I spent a bit of the day fielding calls and assessing trees from a few counties after last night’s freeze event. Growers in the Champlain Valley largely escaped extensive freeze damage; I doubt Grand Isle County even saw a light frost. This was a textbook lake effect phenomenon. Inland and upland orchards or orchards in lower sites appear to have extensive crop loss, some likely will see a complete loss of crop. Here are a few items to consider as we pick up the pieces:
- Unless you had multiple thermometers in multiple locations and heights in your orchard, you don’t really know the temperatures that any particular tree saw. There has been a lot of extrapolating from neighbor’s stations which can be helpful, but not to the degree of accuracy that would tell you the critical difference between 30° and 28° (or 25° and 22°).
- Buds don’t read critical temperature charts– there are a number of factors that can affect bud hardiness, including cultivar, age, water or nutrient stress, etc. But we can assume that temperatures at or below 28° will start to show some real damage.
- At this time, the most important thing to do is to assess your damage visually. This is really easy to do as damaged buds will show by now. I sent this link yesterday that will be helpful to review again. Basically, pinch the ovule at the base of the bud with your fingernail or a razor blade so you cut it at the equator. The interior should be completely green with no browning or worse, blackening. This can be seen without intense magnification but growers my age or older ought to have your readers with you. I also looked at buds today with someone who is color blind and realized that that condition makes it had to see the damage, so if you are, have someone else do the assessment.
- Think about your strategy based on your freeze condition. Inland, and assuming your orchard saw 25° or colder? Go to your best spots- at the top of the hill, healthiest trees, buds collected head height- if you see extensive damage there, you can assume that the lower spots of the orchard are as bad or worse. In the Champlain Valley, your weather station said 29, 30°? Go to the low spots and assess, if you don’t see extensive damage then your better-sited trees are probably okay. Do a thorough assessment and write it down, especially of you will be applying for a crop insurance payment. I would start with 50 buds collected methodically and randomly from the canopy for each block and variety. If you have more than 50% damage, look more.
- If you do have extensive damage and you have crop insurance, contact your agent ASAP. Even if you think you don’t have damage, keep an eye out in the coming weeks. Weakened buds can abscise later, or fruit may develop frost rings that make them unsaleable as fresh fruit.
- Thinning could be really easy (no crop, no thinning) or more difficult, especially in blocks with inconsistent fruit set and levels of damage. All things being equal, trees will respond more easily to thinning chemicals after experiencing a freeze. If you have more than 50% damage, consider at most a light thinning protocol this year. More than 80% damage? Leave the thinners out altogether.

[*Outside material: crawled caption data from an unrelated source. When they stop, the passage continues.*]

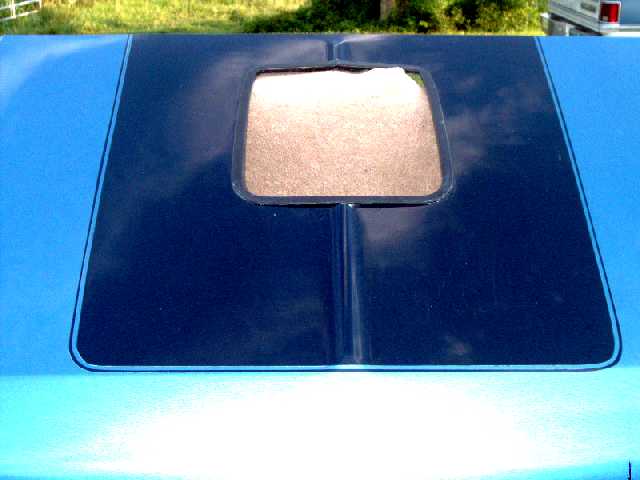 shaker hood, top view, Ford medium blue metallic, center is Ford indigo blue metallic, both are urethane-based. Trim ring is also glued around the opening.
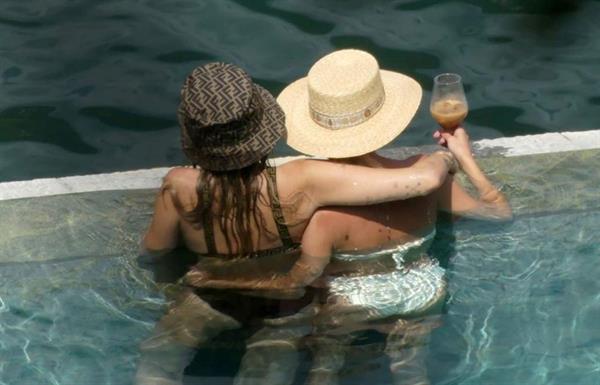 Miley Cyrus and Kaitlynn Carter making out kissing by the pool seen by paparazzi showing her lesbian side after leaving Liam Hemsworth.




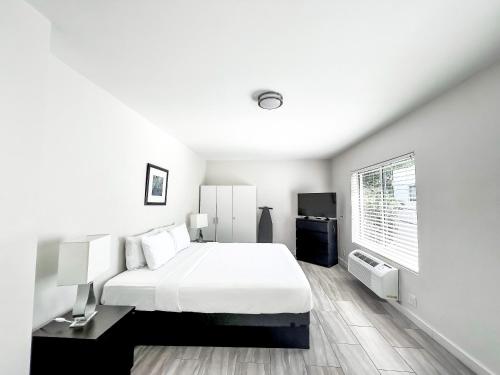 Cama o camas de una habitación en Beach Gardens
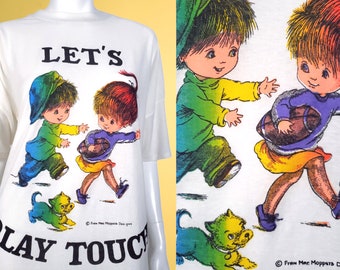 Peut inclure: T-shirt blanc avec un motif arc-en-ciel de deux enfants jouant au football américain avec un chien. Le texte "Let's Play Touch" est imprimé sur le t-shirt.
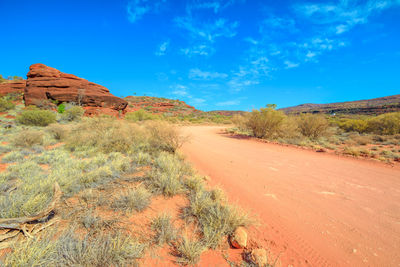 View of landscape against blue sky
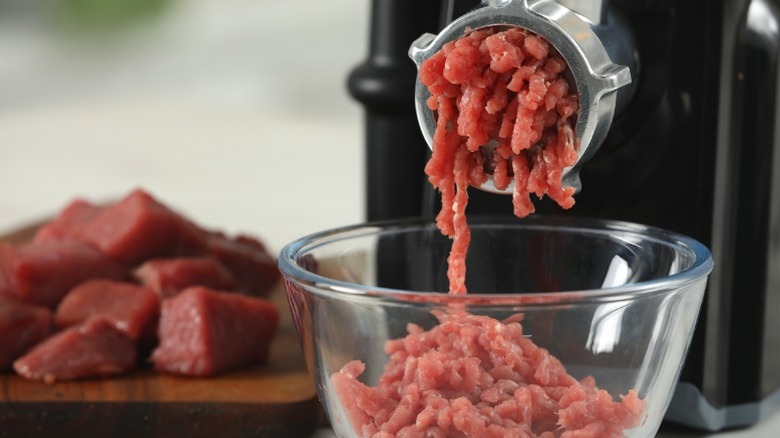 Ground beef coming out of meat grinder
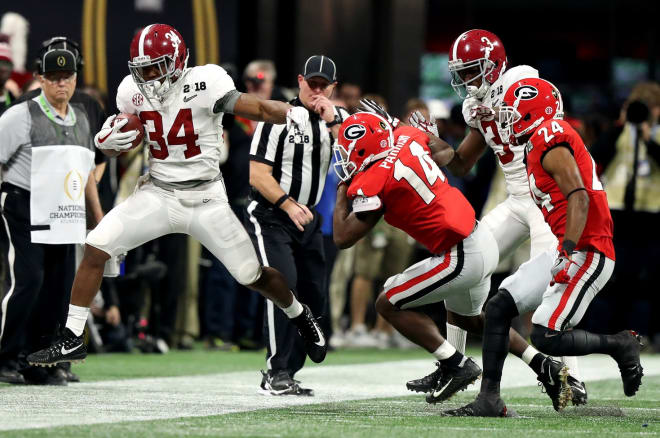 Alabama Crimson Tide running back Damien Harris (34) runs the ball against Georgia Bulldogs defensive back Malkom Parrish (14) during the second quarter in the 2018 CFP national championship college football game at Mercedes-Benz Stadium.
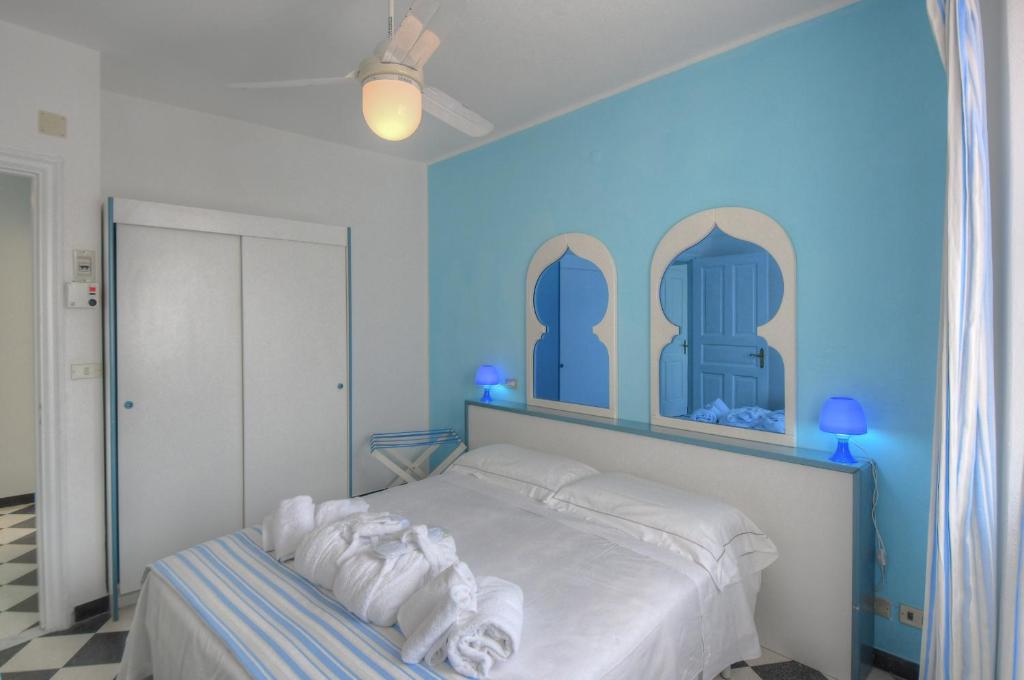 Posteľ alebo postele v izbe v ubytovaní Hotel Arabesque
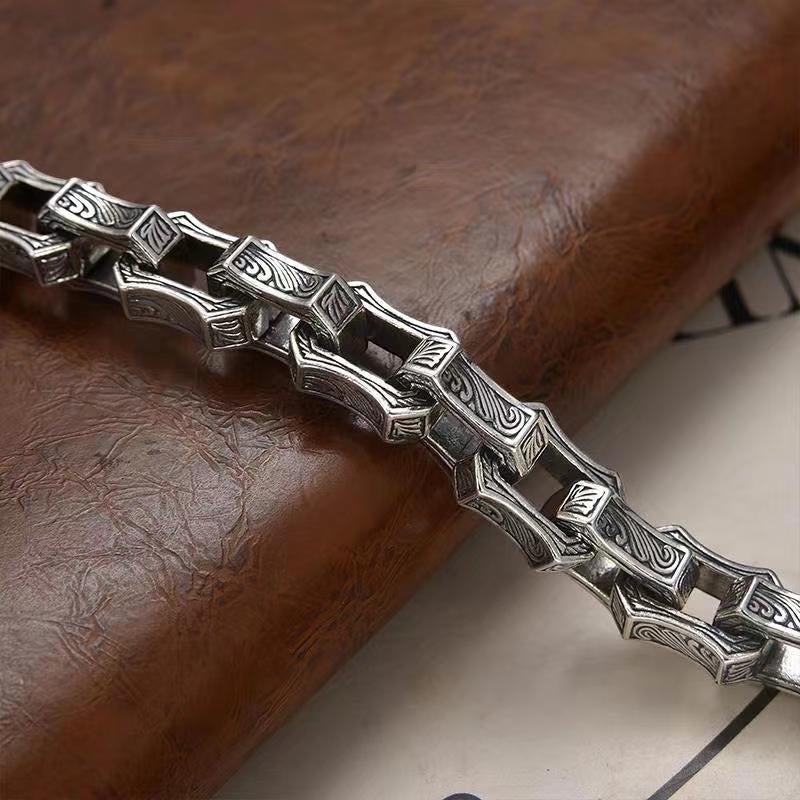 BoxUnboxed The Rock Sovereign geometric link bracelet in solid 925 silver with a 10mm profile and chiseled rock facets.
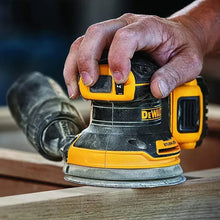 DEWALT DCW210 sander in use on wood surface, cordless yellow and black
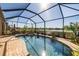 Screened-in pool with a spa and lake view at 6517 Willowshire Way, Bradenton, FL 34212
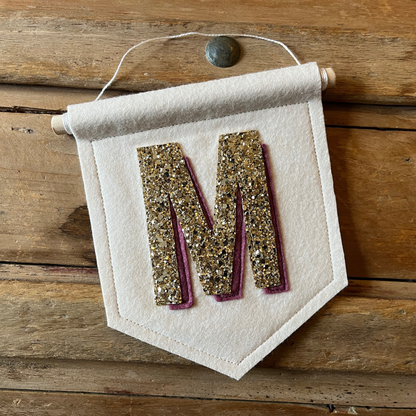 Cream felt initial banner with chunky gold glitter and Mulberry drop shadow effect perfect for kids room decor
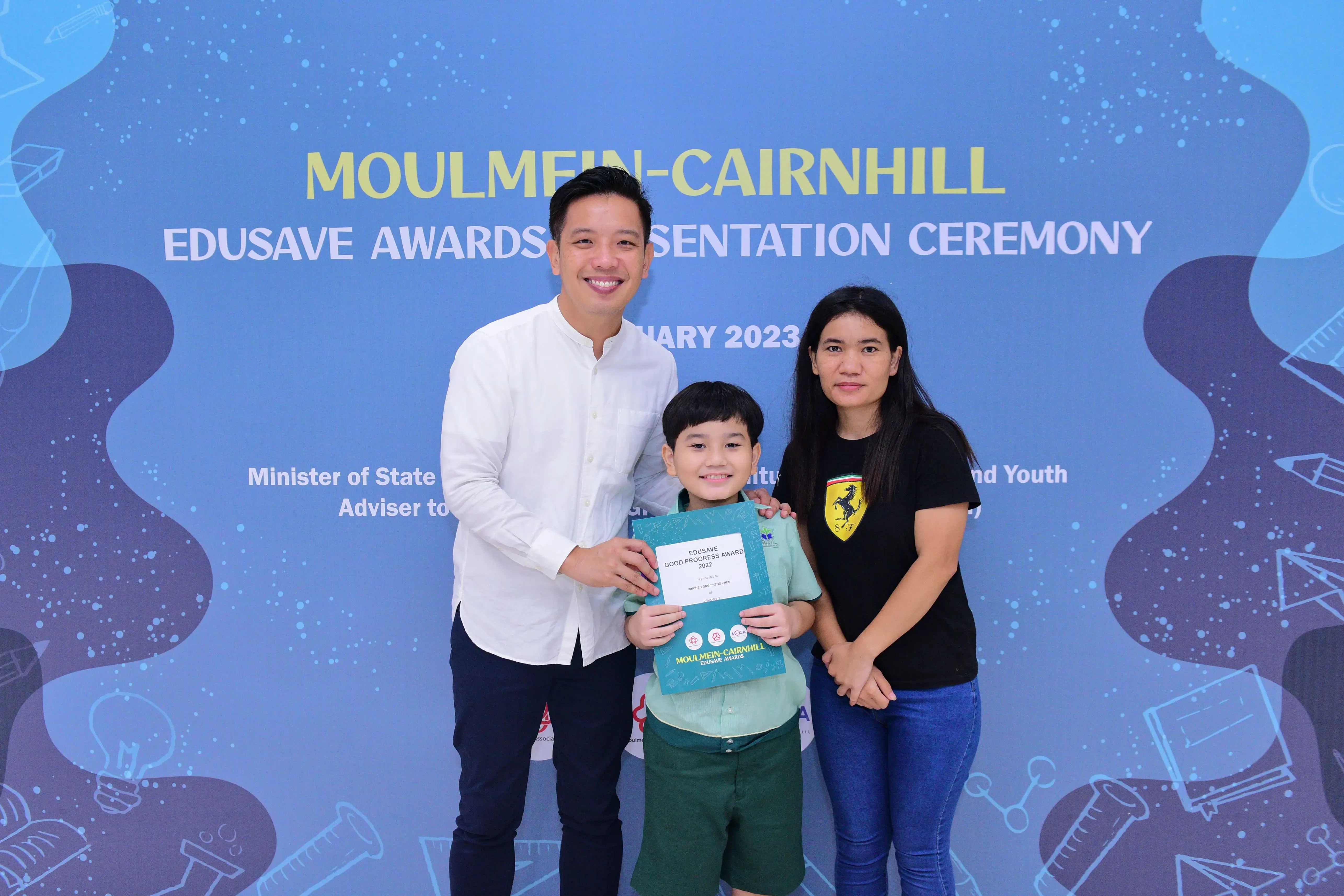 A boy holds an Edusave award certificate flanked by a man and woman at the Moulmein-Cairnhill ceremony, January 2023.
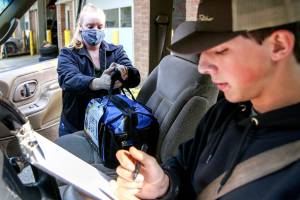 Kellie Shanahan loads Jacob McGovern's vehicle with his class tool bag at Meadowdale High School in Lynnwood on October 1, 2020.  (Kevin Clark / The Herald)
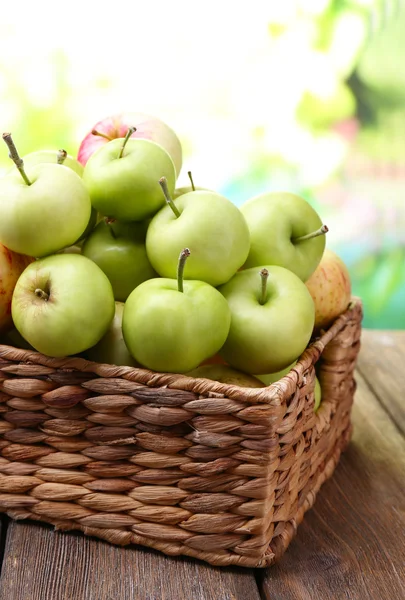 Dojrzałe jabłka kosz na stole na naturalne tło — Zdjęcie stockowe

- My suggestion this morning to consider applying Promalin may have been a bit premature or at least lacking in further nuance. My thought at 4 am as I was looking at the temperatures was to offer whatever I could to growers who would need to source a material few to none of us keeps on-hand and get it on the trees within 24 hours. I was not thinking that a) there only existed nine bottles in the entire state, b) many orchards were at petal fall and so were past the phenology labeled for use of the product for this purpose, and c) orchards that got really cold and had 100% crop loss or severe damage from temperature below 24-25° would not respond- a dead bud is a dead bud. I do plan to collect data at the handful of orchards who applied Promalin to see if we can add to the fairly sparse dataset on its efficacy in these situations.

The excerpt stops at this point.